I started this "End-to-End Data Analysis Project" in order to practice and document my programming skills with Python. Unlike many other blog posts, this series does not center around an easily acquired data set. In fact, all 4 blog posts preceding this one have covered just the gathering and formatting of the data [1]. Below is a recap of the previous 4 blog posts.

  1. Part 1 Getting Data: I didn't want to begin my blog with what I felt were "training wheels", like a data set that was acquired by manually copying and pasting. I also didn't want a commonly used "toy" data set that many others have used in other blog posts. I wanted the data set to be gathered from scratch! But most importantly, I couldn't use and publish the data I work with at my job because it is proprietary. So, I created a script to scrape a publicly available HTML file containing similar data [2]. To gather the data, I used BeautifulSoup and Regular Expressions to scrape and organize various tables of CMBS loan data from an HTML file downloaded from this SEC webpage. Writing the code for this post was extremely challenging!
  2. Part 2 Parsing the Headers: In order to combine multiple header rows that were spread across multiple CSV files, I had to load each header file, account for encoding differences between Python and the data source, account for duplicate header values, join a hierarchal index of header rows into a single header row and then save and concatenate the results.
  3. Part 3 Join and Stack: The table data was joined and stacked horizontally and vertically to piece together the puzzle of data tables first explained in Part 1: Getting Data. Finally, the parsed header row was stacked on to the table data.
  4. Part 4 More Cleanup: Here, I got rid of annoying symbols and characters in the headers, deleted columns which contained all NA values and deleted duplicate columns (the repeated indices for each table on the web page).

Again, the source code for each post can be found in my Github account.

Now, the data is one uniform file and is easy to manage.

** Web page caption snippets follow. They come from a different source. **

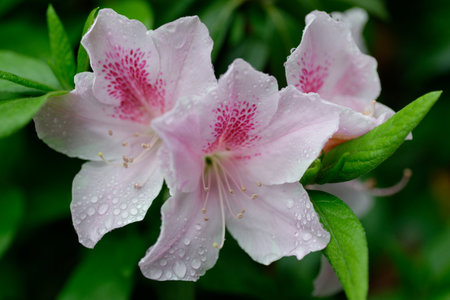 Close-up of a beautiful pink flower in bloom with petals and leavesの写真素材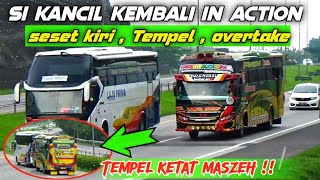 Begini jika PRIMADONA KANCIL sudah di setel Balap🔥Semua Bus dilibas [upl. by Kaliope]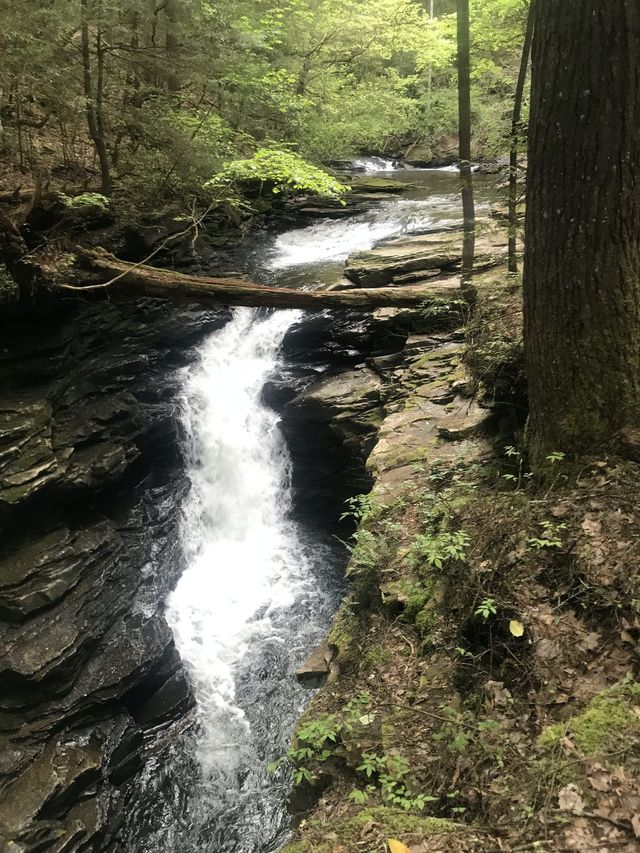 Small waterfall rapid.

Below I will walk through some common data exploration techniques I use to understand a data set.

Exploring the Data Set

When exploring a data set I like to use an interpreter and interact with the data in real-time. I used the IPython command shell to develop the code for this post, and appropriately the code for this section is meant to be typed at a Python interpreter, otherwise you will have to use print([code]).

Below are the imports. I modified some visual settings for Pandas to view more output in the interpreter.

import matplotlib.pyplot as plt
from numpy import nan as NA
import pandas as pd
import numpy
import os

pd.set_option('display.max_rows', 500)
pd.set_option('display.max_columns', 500)
path = r'C:\Users\Username\Desktop\End-to-End-Data-Analysis\1. Get the Data\table'
file = 'CMBS New Final.csv'

df = pd.read_csv(os.path.join(path,file), encoding='ISO-8859-1')

First, you can assess the general quality of the data by using the .head() method in a Python interpreter.

df.head()
df head4

Next, there are four fundamental characteristics I like to see for every data set.

  1. The number of columns and rows.
  2. The name of each column.
  3. The number of null values for each column.
  4. The datatypes of each column.

The Number of Rows and Columns

You can access the Pandas' .shape attribute and you will see a tuple containing the rows and columns in the format (rows, columns).

df.shape
dfshape3

or you can call the df.info() method to get a little more information, such as memory usuage.

df.info()
df info

Column Names

In my experience with working with Pandas, indexing by column names is one of the most common operations. For example, I may index column names to change a column's data type, combine columns, merge data sets, rename columns or produce aggregate statistics. Below is one way to see all of the columns for a data set.

df.columns.values
dfcolval

However, recently I have preferred to save all of the column names to a text file.

indx_cols = []
for tupl in enumerate(df.columns.values):
      indx, col = tupl
      indx_cols.append(str(indx) + ' ' + col)

np.savetxt("cmbs cols.txt", indx_cols, fmt="%s")

Above, the empty list indx_cols is the data container which will contain all of the column information.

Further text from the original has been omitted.